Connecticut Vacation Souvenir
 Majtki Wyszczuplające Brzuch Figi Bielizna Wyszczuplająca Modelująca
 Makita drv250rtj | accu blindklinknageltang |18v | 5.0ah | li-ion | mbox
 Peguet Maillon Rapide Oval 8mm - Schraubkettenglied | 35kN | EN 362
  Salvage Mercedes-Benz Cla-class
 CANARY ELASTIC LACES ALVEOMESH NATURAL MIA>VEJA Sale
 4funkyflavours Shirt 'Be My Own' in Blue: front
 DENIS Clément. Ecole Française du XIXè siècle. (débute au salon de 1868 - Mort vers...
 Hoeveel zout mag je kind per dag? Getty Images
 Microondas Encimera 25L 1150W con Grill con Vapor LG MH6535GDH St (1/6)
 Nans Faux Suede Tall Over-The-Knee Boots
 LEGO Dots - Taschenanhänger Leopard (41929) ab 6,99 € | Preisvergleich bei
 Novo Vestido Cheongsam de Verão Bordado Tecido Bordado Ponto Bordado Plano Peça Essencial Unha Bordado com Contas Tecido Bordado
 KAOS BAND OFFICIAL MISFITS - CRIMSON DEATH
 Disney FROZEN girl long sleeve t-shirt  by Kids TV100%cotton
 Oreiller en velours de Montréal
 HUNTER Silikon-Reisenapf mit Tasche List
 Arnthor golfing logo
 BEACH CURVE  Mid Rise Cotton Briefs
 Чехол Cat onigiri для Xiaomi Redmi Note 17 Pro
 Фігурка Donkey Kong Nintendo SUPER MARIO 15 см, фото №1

———

(What is being asked) Exact copies of the line containing "Disney FROZEN girl" and of every line after it through the end of the entries are all that should be output.

(Solution)
 Disney FROZEN girl long sleeve t-shirt  by Kids TV100%cotton
 Oreiller en velours de Montréal
 HUNTER Silikon-Reisenapf mit Tasche List
 Arnthor golfing logo
 BEACH CURVE  Mid Rise Cotton Briefs
 Чехол Cat onigiri для Xiaomi Redmi Note 17 Pro
 Фігурка Donkey Kong Nintendo SUPER MARIO 15 см, фото №1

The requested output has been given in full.